Har-Ber High School is a comprehensive public high school for grades ten through twelve serving the community of Springdale, Arkansas, United States. Har-Ber High School is one of three high schools managed in Washington County by Springdale Public Schools; others being Springdale High School, and the Don Tyson School of Innovation. The school was established in 2005.

Har-Ber High's zone, as of 2006, includes sections of Springdale, all of Elm Springs and Tontitown, a western section of the former municipality of Bethel Heights (now in Springdale), and portions of Fayetteville.

== History ==
Springdale Public Schools operated Springdale HS as the district's lone high school since it was built in 1961. Studies in the early 2000s indicated the district would exceed the 2,500 student capacity of SHS by 2005. At the time, the city's growth was mostly projected to the east toward Beaver Lake. The school district entered into negotiations to buy a 90 acre farm on the east side of town for a second high school, but negotiations stalled. The George family donated a 43 acre tract on the east side of Springdale to the school district in January 2002, but school administration wanted a larger tract for the second high school campus.

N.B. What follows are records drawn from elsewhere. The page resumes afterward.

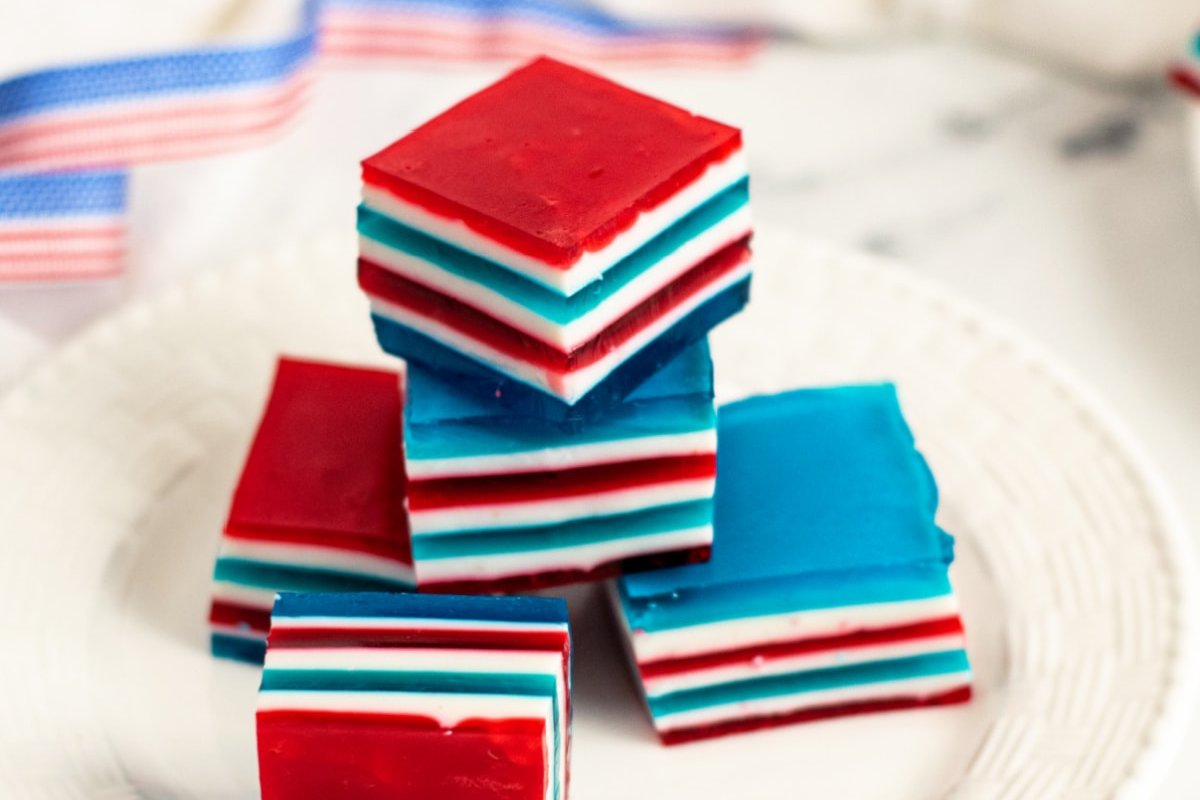 A stack of colorful layered gelatin squares in red, white, and blue sits on a white plate, embodying the essence of patriotic desserts. An American flag-patterned ribbon is blurred in the background.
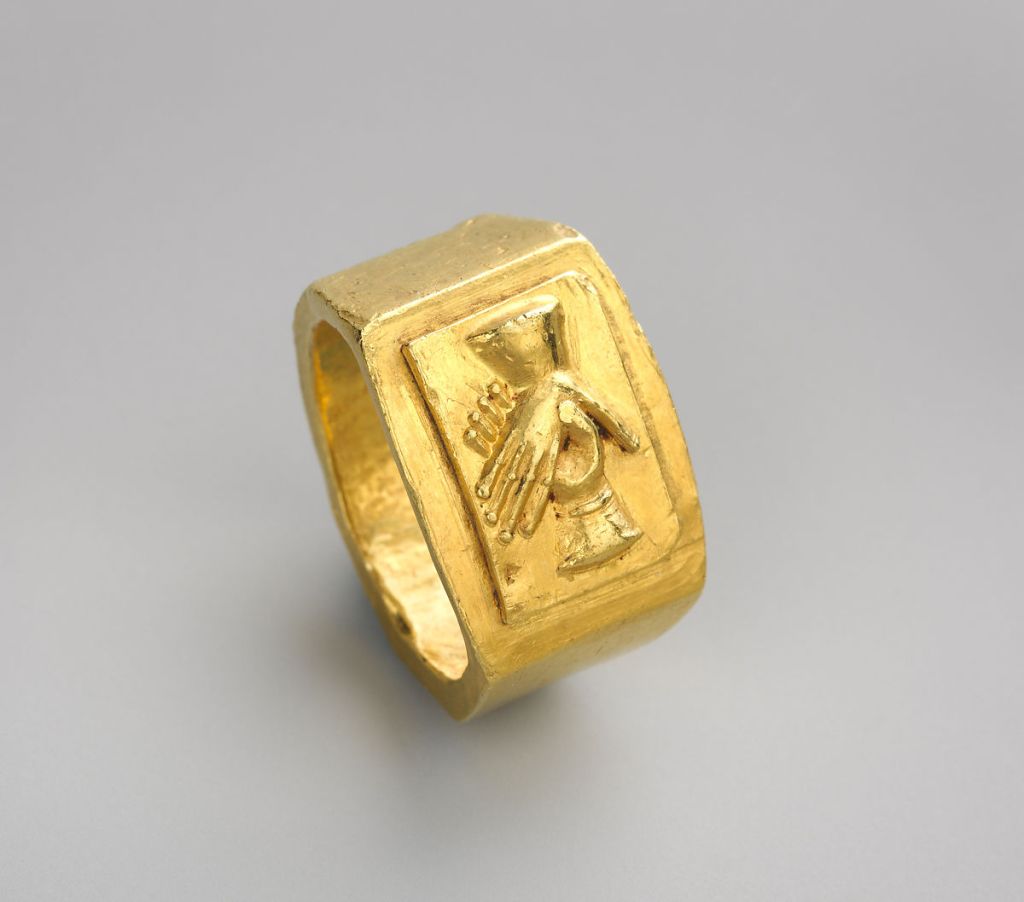 Gold ring with clasped hands, 3rd c. AD. This would have been used as a wedding band.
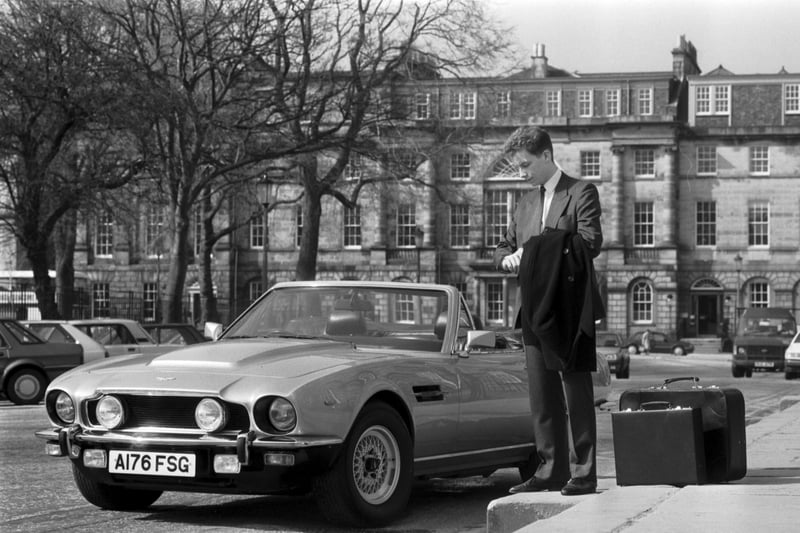 Posed picture of a young businessman beside an Aston Martin Volante car in Charlotte Square Edinbugh, April 1987.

On January 22, 2002, the school board voted to buy 120 acre of land on the west side of town for $2.4 million ($ million in current dollars). Construction of a $36.3 million ($ million in current dollars) campus completed in time to open Har-Ber High School for the 2005 school year. By 2006, Har-Ber had 1,178 students, and was projected to be at capacity by 2009.

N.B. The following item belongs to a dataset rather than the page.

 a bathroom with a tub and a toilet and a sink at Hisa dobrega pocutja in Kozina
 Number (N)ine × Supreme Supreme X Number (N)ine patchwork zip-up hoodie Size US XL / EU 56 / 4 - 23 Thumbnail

Accredited by AdvancED since 1979, Har-Ber High School is named in honor of local industrialists Harvey and Bernice Jones.

== Demographics ==
The demographic breakdown of the 1,794 students enrolled in 2013-14 was:
- Male - 54.0%
- Female - 46.0%
- Native American/Alaskan - 0.4%
- Asian/Pacific islanders - 7.6%
- Black - 1.4%
- Hispanic - 26.5%
- White - 62.5%
- Multiracial - 1.6%

39.2% of the students were eligible for free or reduced lunch.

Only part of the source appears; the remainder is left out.